Available data:

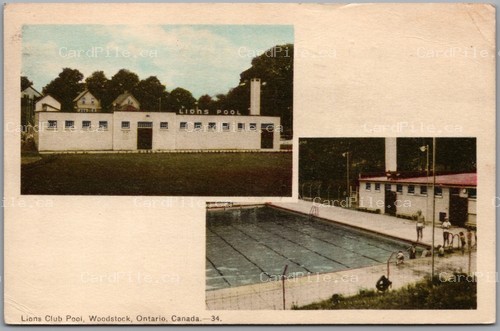 Postcard Woodstock Ontario c1951 Lions Club Dual View Split Ring Ravenscliffe
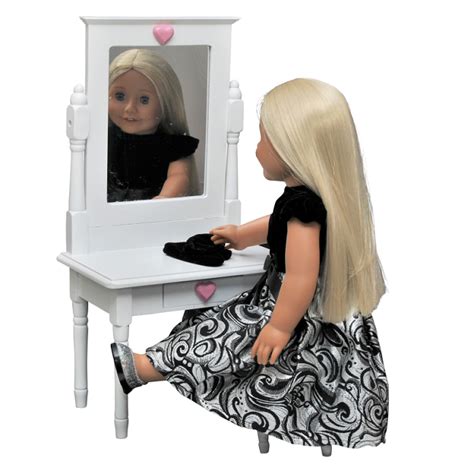 18 inch American girl doll furniture vanity & stool - The Doll Boutique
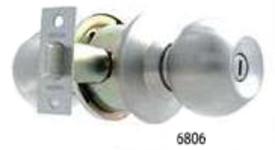 CERRADURA DE PERILLA BARZA RANURA-BOTON ACERO INOX (BAÑO)(BLISTER) DEXTER 6806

Assigned task: In the reply, every line of the material above is to be reproduced verbatim, and the images are to be left out.

Solution below:
 Postcard Woodstock Ontario c1951 Lions Club Dual View Split Ring Ravenscliffe
 18 inch American girl doll furniture vanity & stool - The Doll Boutique
 CERRADURA DE PERILLA BARZA RANURA-BOTON ACERO INOX (BAÑO)(BLISTER) DEXTER 6806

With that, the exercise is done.